Carl Andre
Internationally regarded by artists and critics for his minimal sculptures and poems, Carl Andre (born 1935) has often been controversial. A 1972 exhibition in London created an uproar, as members of the public questioned the expenditure of public funds and vandalized his Equivalent VIII, an installation of 120 bricks arranged in a rectangle. His major contribution, however, has been to redefine the making of sculpture, moving it away from carving and casting toward the arrangement and placement of raw materials such as wood, bricks, and metal plates.
Andre was born in Quincy, Massachusetts, where his father was a marine draughtsman. They lived close to the naval yard, which likely instigated the artist’s fascination with steel plates. On scholarship at the prestigious Phillips Academy in nearby Andover from 1951 to 1953, he received his only formal art education. He enrolled at Kenyon College in Gambier, Ohio, but left shortly afterward to travel in France and England. From 1955 to 1957 he served in the United States Army in North Carolina as part of an intelligence division. He then settled in New York and shared a studio with minimalist artist and former classmate Frank Stella. Stella was working on his black paintings at the time and introduced Andre to the work of Constantin Brancusi, the recently deceased European artist known for his sensitivity to materials and abstract sculptures.
Reflecting on the start of his career, Andre recalled: “In the years when I was trying to get my work shown and accepted and so forth, I went to work for the Pennsylvania Railroad and that was my formal art school. You can learn a hell of a lot about sculpture, working in a railroad. The thing about getting a job outside of art is the fact that you can find out whole areas of materials. I don’t mean new ones. I mean old ones like scrap iron. A railroad is essentially a big collection of scrap iron, and that’s why it’s great.” [1] Inspired by the world around him, Andre began to make minimalist sculpture and write poems in the tradition of Concrete Poetry, which emphasizes the layout and look of a poem as much as the words. Not unhappy to be considered a minimalist, he also described himself more as a “matterist” because of his use of simple, often prefabricated materials. These he carefully arranges, insisting that he be directly involved with the initial installation out of concern for their relationship to their environment. He is most recognized for his floor compositions: square metal plates which are often overlooked by museum visitors.

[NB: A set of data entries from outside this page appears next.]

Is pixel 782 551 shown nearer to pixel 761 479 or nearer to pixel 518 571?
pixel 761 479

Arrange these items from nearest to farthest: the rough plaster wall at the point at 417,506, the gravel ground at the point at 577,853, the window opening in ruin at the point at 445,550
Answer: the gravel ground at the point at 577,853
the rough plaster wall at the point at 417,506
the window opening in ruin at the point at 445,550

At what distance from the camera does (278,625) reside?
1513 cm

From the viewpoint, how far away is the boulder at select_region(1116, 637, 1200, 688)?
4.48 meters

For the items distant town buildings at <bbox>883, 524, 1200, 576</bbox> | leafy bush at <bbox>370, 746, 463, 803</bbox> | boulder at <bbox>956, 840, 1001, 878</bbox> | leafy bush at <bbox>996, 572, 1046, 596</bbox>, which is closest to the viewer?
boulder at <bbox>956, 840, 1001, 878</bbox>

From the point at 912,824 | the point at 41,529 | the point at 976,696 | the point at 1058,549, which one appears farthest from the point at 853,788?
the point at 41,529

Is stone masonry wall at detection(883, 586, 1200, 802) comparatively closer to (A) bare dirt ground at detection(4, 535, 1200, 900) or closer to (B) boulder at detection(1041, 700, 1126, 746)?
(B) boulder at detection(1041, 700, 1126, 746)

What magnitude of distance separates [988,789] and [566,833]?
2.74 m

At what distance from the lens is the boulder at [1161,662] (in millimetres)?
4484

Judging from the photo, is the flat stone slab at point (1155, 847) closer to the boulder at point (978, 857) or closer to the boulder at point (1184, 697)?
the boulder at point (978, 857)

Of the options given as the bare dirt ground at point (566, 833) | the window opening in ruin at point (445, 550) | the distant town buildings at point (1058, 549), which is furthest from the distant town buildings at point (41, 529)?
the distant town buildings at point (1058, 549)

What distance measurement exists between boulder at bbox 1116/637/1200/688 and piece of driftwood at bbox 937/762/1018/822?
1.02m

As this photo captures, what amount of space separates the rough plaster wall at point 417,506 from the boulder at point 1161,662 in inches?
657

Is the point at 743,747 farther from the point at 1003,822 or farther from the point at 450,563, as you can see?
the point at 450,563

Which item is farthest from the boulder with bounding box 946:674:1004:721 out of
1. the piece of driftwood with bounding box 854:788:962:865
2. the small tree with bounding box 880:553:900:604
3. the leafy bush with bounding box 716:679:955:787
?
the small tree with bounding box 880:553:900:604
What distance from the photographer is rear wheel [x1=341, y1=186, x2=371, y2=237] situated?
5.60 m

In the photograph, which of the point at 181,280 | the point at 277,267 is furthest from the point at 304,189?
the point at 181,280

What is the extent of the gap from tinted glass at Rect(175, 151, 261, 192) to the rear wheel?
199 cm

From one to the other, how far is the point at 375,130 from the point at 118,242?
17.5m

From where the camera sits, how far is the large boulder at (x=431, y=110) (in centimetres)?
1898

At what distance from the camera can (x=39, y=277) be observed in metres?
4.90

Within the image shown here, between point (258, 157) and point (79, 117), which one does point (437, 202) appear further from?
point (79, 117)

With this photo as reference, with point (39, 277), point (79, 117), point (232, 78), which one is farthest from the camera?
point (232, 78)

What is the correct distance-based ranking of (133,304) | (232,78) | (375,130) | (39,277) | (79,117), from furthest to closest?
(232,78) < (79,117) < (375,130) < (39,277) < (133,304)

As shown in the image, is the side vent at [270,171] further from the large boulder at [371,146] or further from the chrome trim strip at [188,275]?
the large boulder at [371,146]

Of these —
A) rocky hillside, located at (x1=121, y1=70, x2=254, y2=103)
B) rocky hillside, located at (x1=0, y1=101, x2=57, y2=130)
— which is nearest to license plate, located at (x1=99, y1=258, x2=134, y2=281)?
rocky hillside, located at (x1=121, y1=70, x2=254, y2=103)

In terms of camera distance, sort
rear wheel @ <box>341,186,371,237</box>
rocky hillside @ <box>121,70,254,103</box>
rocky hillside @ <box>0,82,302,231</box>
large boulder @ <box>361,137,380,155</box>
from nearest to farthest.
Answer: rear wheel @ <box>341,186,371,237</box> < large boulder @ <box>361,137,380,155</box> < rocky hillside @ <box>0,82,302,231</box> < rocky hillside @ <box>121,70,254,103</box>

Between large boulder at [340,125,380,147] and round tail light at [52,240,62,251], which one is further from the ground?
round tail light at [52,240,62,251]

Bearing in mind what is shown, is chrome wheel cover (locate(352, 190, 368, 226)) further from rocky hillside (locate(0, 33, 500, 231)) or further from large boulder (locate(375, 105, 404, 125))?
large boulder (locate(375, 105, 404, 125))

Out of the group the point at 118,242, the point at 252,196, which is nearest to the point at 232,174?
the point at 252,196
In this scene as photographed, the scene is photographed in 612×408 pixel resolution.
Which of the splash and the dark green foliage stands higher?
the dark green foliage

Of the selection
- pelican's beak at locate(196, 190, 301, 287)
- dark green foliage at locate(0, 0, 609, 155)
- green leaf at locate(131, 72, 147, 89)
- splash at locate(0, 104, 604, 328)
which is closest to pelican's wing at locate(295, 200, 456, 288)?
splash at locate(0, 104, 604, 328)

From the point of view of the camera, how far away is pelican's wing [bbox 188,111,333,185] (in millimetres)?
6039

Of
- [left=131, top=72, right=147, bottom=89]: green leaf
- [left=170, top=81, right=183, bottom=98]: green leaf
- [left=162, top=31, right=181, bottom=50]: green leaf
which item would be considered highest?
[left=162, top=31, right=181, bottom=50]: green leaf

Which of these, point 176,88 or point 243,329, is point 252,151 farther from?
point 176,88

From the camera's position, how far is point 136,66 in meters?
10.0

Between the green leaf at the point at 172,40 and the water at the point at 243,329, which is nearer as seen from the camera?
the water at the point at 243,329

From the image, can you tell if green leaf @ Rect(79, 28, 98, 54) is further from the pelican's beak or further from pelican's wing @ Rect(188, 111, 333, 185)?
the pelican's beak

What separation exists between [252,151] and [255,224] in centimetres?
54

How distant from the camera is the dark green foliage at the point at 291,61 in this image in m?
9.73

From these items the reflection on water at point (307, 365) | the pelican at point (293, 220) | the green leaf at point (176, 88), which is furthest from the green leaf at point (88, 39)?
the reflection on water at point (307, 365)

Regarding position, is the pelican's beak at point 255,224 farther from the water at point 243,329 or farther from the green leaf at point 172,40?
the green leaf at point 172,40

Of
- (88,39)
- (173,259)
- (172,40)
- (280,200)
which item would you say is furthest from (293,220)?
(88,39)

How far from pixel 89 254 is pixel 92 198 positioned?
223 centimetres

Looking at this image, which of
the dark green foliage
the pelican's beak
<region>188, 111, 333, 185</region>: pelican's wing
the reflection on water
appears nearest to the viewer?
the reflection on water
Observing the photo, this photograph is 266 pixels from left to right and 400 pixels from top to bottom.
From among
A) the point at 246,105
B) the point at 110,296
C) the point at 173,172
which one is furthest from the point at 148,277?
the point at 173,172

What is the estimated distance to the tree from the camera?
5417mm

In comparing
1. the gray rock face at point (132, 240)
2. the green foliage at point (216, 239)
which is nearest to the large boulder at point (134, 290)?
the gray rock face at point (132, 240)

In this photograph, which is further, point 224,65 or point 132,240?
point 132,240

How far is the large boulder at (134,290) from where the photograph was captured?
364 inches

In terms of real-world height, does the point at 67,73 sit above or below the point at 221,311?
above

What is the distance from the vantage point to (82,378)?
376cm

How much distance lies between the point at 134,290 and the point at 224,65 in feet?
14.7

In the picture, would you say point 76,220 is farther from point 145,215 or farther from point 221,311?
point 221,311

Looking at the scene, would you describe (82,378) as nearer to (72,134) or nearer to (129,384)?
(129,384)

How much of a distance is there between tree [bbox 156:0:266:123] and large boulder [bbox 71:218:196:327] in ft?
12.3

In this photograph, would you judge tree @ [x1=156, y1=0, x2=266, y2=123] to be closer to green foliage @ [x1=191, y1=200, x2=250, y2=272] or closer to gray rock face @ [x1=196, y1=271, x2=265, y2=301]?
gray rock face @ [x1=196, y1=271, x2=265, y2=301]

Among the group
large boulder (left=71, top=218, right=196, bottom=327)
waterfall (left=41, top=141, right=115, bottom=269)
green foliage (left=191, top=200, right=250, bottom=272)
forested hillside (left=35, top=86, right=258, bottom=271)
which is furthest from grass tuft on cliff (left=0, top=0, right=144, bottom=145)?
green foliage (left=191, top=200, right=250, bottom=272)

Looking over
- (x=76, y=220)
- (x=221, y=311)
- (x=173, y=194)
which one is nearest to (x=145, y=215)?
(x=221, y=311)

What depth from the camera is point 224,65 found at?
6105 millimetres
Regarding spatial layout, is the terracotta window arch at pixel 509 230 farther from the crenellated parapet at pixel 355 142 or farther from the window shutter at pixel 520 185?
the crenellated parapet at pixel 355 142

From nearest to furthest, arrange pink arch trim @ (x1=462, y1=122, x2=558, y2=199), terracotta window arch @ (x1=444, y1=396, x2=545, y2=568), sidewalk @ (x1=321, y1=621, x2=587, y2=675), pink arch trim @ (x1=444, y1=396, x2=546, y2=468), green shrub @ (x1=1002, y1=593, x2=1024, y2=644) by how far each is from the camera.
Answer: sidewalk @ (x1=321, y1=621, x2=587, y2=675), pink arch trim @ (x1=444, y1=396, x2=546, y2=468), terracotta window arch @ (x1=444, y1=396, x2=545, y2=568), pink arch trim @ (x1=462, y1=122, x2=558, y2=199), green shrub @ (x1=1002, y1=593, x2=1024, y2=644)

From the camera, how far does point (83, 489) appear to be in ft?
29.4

In 1985, Andre’s life changed with the sudden death of his wife, Cuban artist Ana Mendienta, who fell from a window on the thirty-fourth floor of their apartment building. While Andre told police he was not in the room at the time, others claimed the couple had been arguing and he pushed her. After a highly publicized trial three years later, Andre was acquitted of murder.
At the Chinati Foundation—widely recognized as the “shrine to minimal art” established by fellow sculptor Donald Judd in rural Marfa, Texas—Andre is represented by a large installation of thirteen rows of steel plates. He denies any specific connection to his experience working on the railroad, or to the tracks running through town. Like his art, Andre is a man of few words who sets clear limits on himself and his work. “I have found set of solutions to a set of problems in sculpture, and I work within those parameters. But it is limits that give us possibilities. Without limits nothing really good can be accomplished. I feel I have been liberated by them.” [2]
Notes:
[1] Andre, quoted in Peggy Gale, ed., Artists Talks 1969–1977 (Nova Scotia, Canada: The Press N.S.C.A.D, 2004), 27.
[2] Randy Kennedy, “For Carl Andre, Less is Still Less,” New York Times, July 14, 2011.